Sentiment Analysis (SA) has received much attention in recent years. In this paper, we proposed a model based on the transfer learning technique to address SA problem. First, we utilize word embeddings that are trained on 322K documents from Turkish Wikipedia. The model employs a regular Long Short-Term Memory (LSTM) with dropout.

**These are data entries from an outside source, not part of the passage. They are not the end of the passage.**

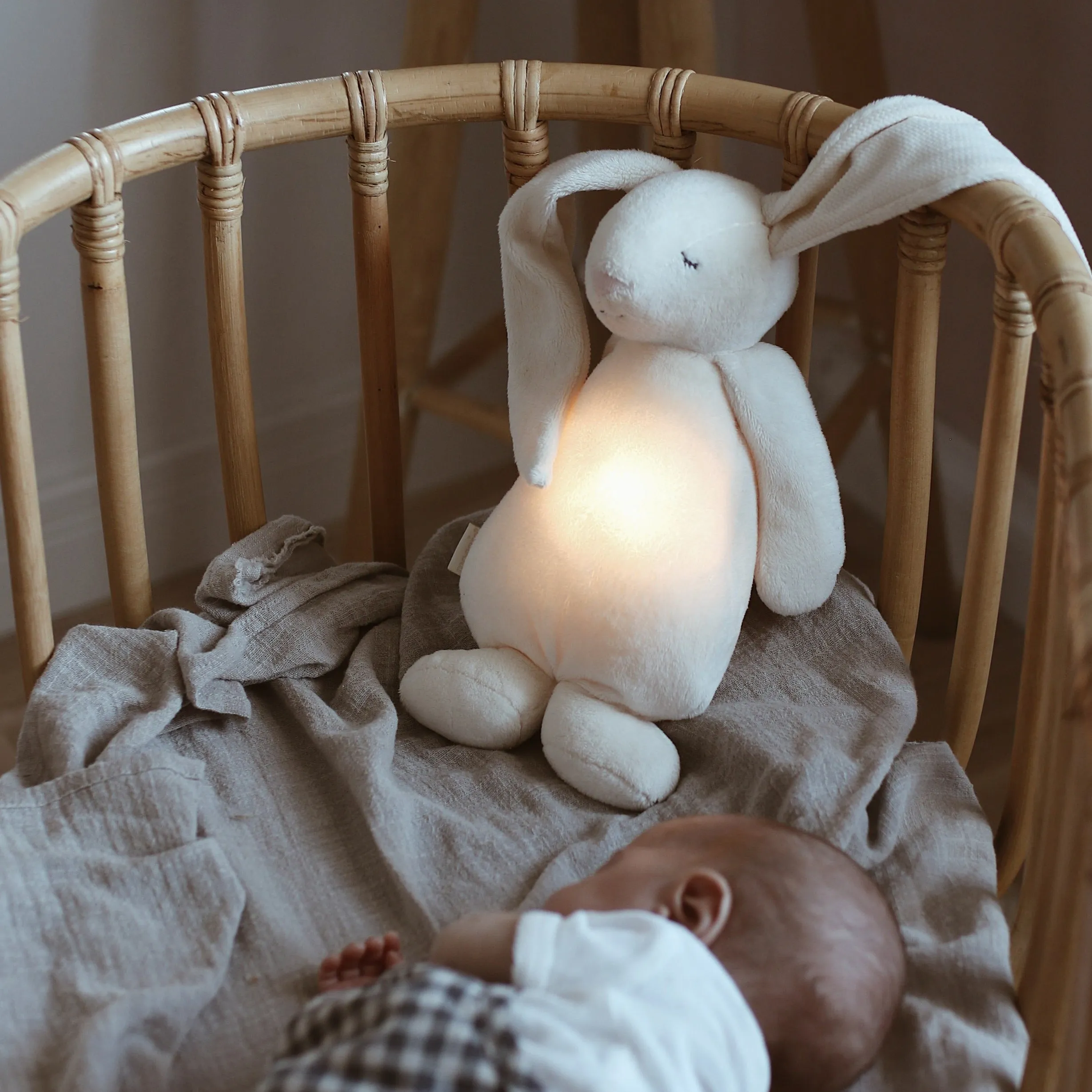 Humming Bunny Cuddly Toy with Night Light (Cream)
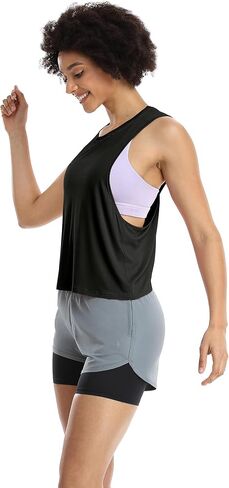 icyzone Workout Tank Tops for Women, Open Back Athletic Tanks, Yoga Crop Tops, Gym Fitness Shirts in Kuwait
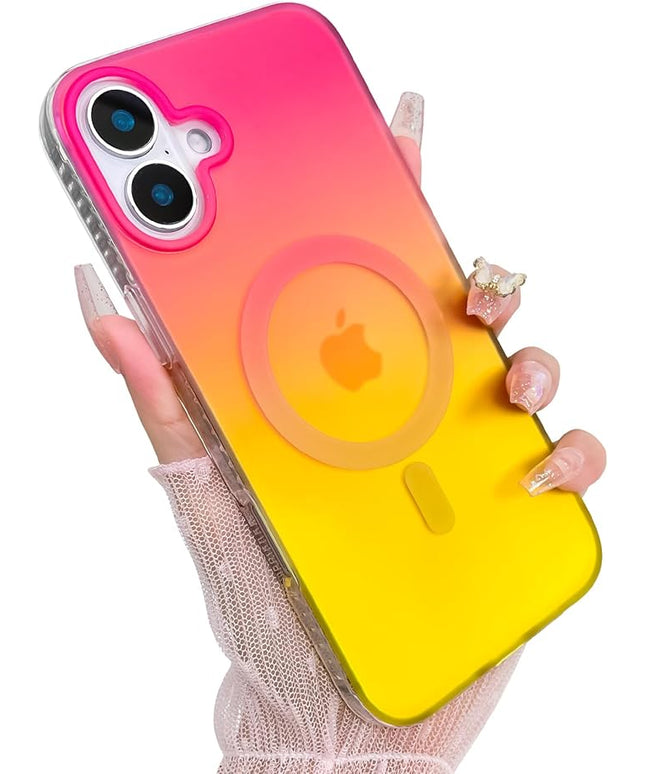 Aesthetic Case for iPhone 16 Plus Case for Women Girls, Compatible with Magsafe, Cute Girly Trendy Glitter Sparkly Rainbow Magnetic Protective Phone Cover, Matte Iridescent Red & Yellow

Secondly, we fine-tuned the pre-trained language model on two different target datasets (restaurant and product reviews) independently. Finally, the LSTM is trained to classify reviews according to positive and negative sentiments and its associated performance is assessed. This study is also considered to be the important attempt that uses transfer learning by applying a fine-tuning technique and deep learning architecture to address SA problem for Turkish Language.
基于迁移学习的土耳其语情感分析
情感分析近年来受到了广泛的关注。在本文中,我们提出了一个基于迁移学习技术的模型来解决SA问题。首先,我们利用来自土耳其语维基百科的322K个文档训练的词嵌入。该模型采用带dropout的常规长短期记忆(LSTM)。其次,我们在两个不同的目标数据集(餐厅和产品评论)上独立微调预训练的语言模型。最后,训练LSTM根据积极和消极情绪对评论进行分类,并评估其相关性能。本研究也被认为是通过应用微调技术和深度学习架构来解决土耳其语SA问题的重要尝试。
本文章由计算机程序翻译,如有差异,请以英文原文为准。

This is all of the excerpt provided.